When we went out last Thursday morning for our too-early first walk of the day, Cricket found something. At first I thought it was a dead mouse. Cricket has found dead mice a number of times, because we have feral cats on the property who are allowed to stay because of their great mousing skills. So, I thought it was a dead mouse and I yanked Cricket away from it quickly. It was curled up a few feet away from one of the huge trees on the property, up in the lightly wooded area where we are encouraged to walk the dogs. Butterfly did her usual standing around and listening to the raindrops thing – oh yeah, it was raining, lightly by then, after a night of heavy rain – and it was a lovely sound, the way the rain drops hit the leaves far over our heads. But I was still getting wet. The girls both did their business, and we were on our way back out of the woods when I thought I saw the dead mouse move an arm. I stepped a little bit closer, but I’m afraid of dead things so not too close, and that’s when I realized that it was a tiny squirrel and not a mouse, with a big head, and grey and white fur, and not only was one arm moving, the tiny squirrel was breathing. It was alive.

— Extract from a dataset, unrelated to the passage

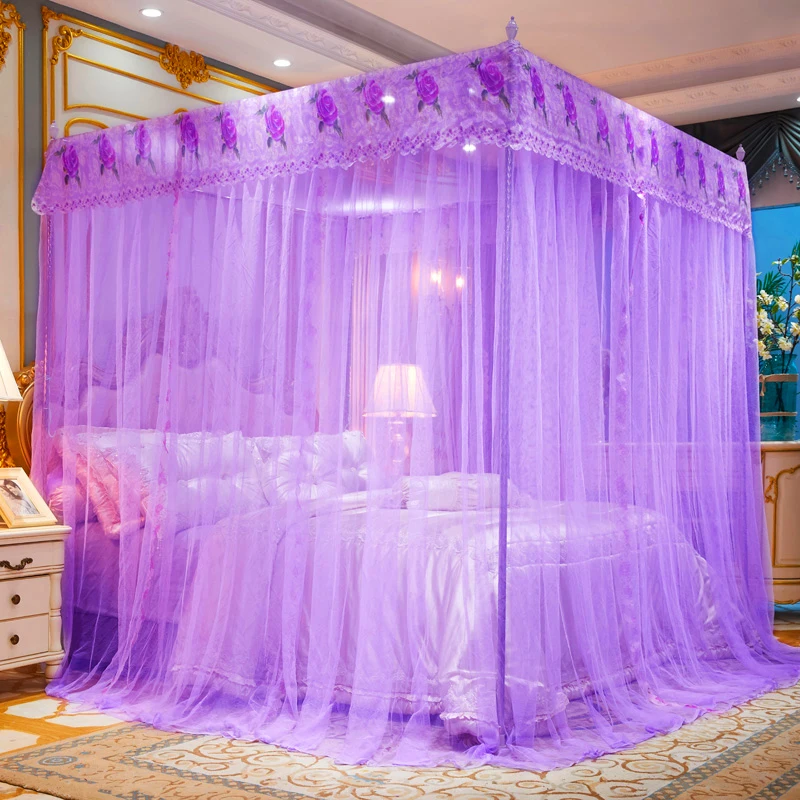 luxury U type Palace style Guide rail mosquito net three open door telescopic electric mosquito Bed Net Nets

I wasn’t sure what to do. I had to take the girls back inside, out of the train, first and foremost. I left them standing in the hallway while I went down to the basement to throw away their bag-o-poop, and I looked through the pile of Amazon shipping boxes outside the garbage room. I like ordering things, but I am nothing compared to my next door neighbors (with the new baby) who have ordered so many things that they now have to move into a house to make room for all of it. I chose a small, shallow box, with the new-fangled air-pillow box-filler stuff, and I popped the pillows to use it as a squirrel grabber, in case it really was dead and only seemed to be moving because of the wind and rain, but also as a temporary blanket, in case it was actually alive.

The girls watched me through the glass front door of our building as I went back out into the rain, and up the hill, to where Cricket had found the baby squirrel. It was still there, and still getting rained on, and still faintly breathing and moving an arm, but just barely. I picked it up carefully, all the time worrying that I should leave it there, to die a natural death, or to be found by its Mom after whatever calamity had sent her away. But it was alive, and I couldn’t just leave it there to die.

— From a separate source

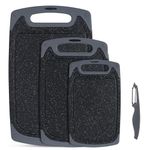 SKERITO Chopping Board Set, Kitchen Cutting Boards, BPA Free Plastic Chopping Boards with Non-Slip Feet and Deep Drip Juice Groove, Dishwasher Safe Cutting Board, 3pcs, Black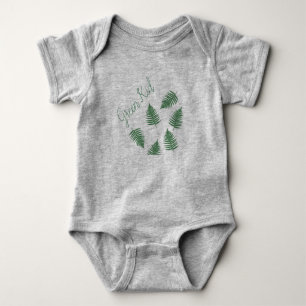 T-shirts Bodysuit afortunado do bebê da samambaia do miúd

I took the box of baby squirrel inside to the girls, and we walked up the stairs and into the apartment, and that’s when I realized that I had to wake up my mom. She’s not a fan of early mornings, and I would have let her sleep through the drama, except that I knew I’d have to leave for my internship in less than an hour, and I needed her help.

 

As soon as Mom saw the baby squirrel, breathing in the shallow box on the dining room table, she was wide awake and in Mommy mode. She took the baby out of the box and wrapped it in warmed up towels and held it while I googled. There are surprisingly specific and comprehensive baby squirrel manuals online. One was long and alarmist – with the basic gist being that I should have left her out there in the rain to die. The other manual was shorter, simpler, and more hopeful.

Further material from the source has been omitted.